Yes. This is intended.

> The problem with this redefinition is that if the default definition
> of 'struct stat' uses 32-bit st_size field, then linking a program
> against a library which was compiled with that default (i.e. without
> using the Gnulib overrides) will produce a buggy program, if it passes
> 'struct stat' to the library.

Yes. I happened to encounter such a situation on a glibc system, many
years ago. This convinced me that
  1) libraries should move to using 'large files' sooner than later,
  2) it is not necessarily a particularly good idea to reference a
     'struct stat' in the public API of a library.

> Which is exactly what happened to me
> while building the latest versions of GDB, which uses Gnulib, but
> links against the BFD library, which doesn't.

The BFD library should move to using 'large files' as soon as possible,
IMO. You don't want BFD to reject a .a file just because it's larger
than 2 GiB. You don't want BFD to report that a .a file is empty just
because it happens to be exactly 4 GiB in size.

libgcj was already 176 MB large. Binaries of 2 GiB size probably
already exist in projects that use C++ with a lot of templates.

> Why is this redefinition forced on programs that use Gnulib on
> Windows?

Gnulib does not force it. You can invoke gnulib-tool with option
'--avoid=largefile'; then it will not force support for large files
onto the package.
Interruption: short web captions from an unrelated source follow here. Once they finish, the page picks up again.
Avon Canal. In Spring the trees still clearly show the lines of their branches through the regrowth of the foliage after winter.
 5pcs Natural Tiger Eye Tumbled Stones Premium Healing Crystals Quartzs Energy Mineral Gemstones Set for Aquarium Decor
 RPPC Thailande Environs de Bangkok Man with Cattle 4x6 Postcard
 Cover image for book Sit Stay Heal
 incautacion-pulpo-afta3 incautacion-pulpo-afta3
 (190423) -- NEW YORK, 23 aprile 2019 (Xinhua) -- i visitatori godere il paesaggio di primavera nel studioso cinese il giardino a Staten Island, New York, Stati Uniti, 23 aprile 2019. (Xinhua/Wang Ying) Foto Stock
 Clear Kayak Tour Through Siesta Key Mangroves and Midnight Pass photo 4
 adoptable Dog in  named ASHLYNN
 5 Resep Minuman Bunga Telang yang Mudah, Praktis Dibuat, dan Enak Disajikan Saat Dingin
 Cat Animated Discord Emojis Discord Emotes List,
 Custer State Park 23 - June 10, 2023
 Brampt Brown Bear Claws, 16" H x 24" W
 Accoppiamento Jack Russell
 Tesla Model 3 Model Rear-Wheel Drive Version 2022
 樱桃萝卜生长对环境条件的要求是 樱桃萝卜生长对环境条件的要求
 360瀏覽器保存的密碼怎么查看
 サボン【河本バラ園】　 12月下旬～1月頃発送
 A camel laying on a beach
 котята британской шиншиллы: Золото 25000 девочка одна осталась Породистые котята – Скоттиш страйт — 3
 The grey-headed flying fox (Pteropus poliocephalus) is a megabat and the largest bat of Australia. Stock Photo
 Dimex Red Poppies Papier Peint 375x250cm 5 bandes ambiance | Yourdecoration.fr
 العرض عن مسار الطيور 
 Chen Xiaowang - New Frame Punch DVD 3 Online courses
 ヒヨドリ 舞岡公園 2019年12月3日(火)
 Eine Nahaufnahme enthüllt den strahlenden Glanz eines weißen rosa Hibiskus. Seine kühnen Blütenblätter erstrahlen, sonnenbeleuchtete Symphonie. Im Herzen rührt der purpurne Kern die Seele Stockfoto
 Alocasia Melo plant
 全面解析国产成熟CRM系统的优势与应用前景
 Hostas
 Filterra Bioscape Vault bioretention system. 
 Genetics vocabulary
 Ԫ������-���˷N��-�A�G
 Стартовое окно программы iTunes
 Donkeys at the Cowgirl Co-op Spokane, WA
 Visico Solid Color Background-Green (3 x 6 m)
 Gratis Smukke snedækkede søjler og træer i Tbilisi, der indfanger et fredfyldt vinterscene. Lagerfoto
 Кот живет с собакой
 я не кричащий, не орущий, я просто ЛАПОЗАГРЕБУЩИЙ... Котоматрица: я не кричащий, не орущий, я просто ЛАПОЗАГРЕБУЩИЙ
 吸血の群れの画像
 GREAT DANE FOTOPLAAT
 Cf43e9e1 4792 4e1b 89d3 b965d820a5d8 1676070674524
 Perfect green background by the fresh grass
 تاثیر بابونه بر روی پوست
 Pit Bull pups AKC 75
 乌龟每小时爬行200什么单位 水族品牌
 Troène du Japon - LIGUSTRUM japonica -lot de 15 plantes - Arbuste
But for the case of BFD and GDB, I would not
recommend that.

> I understand the desire to use 64-bit st_size when
> available, but it sounds like this could cause subtle and
> hard-to-debug problems, which are much worse than the 32-bit st_size
> limitation.

Use of files is a regular feature, not an exotic feature, of BFD and
GDB. I would therefore expect that such problems would typically be
caught by a test suite.

> IOW, it sounds like this redefinition is not needed where it works,
> and cannot be used safely where it doesn't work.

Mingw defines 'struct stat' also differently when the macro
_USE_32BIT_TIME_T is defined. It produces the same dangerous situation:
a type which can be defined differently in different compilation units.
This does not come from Gnulib; it comes from mingw. With the same
logic, you could say that 'struct stat' "cannot be used safely" on

Different architectures have means to prevent weird situations when
code with different ABIs are linked together. For example, the floating-
point sizes in the MIPS ABI. Or the 'enum' sizes (short vs. int) in
the ARM or MIPS ABI. It would make sense to add such a linker check
to catch 'struct stat' mismatches as well. I guess that doesn't exist...

In the absence of such automated checks, you need a test suite.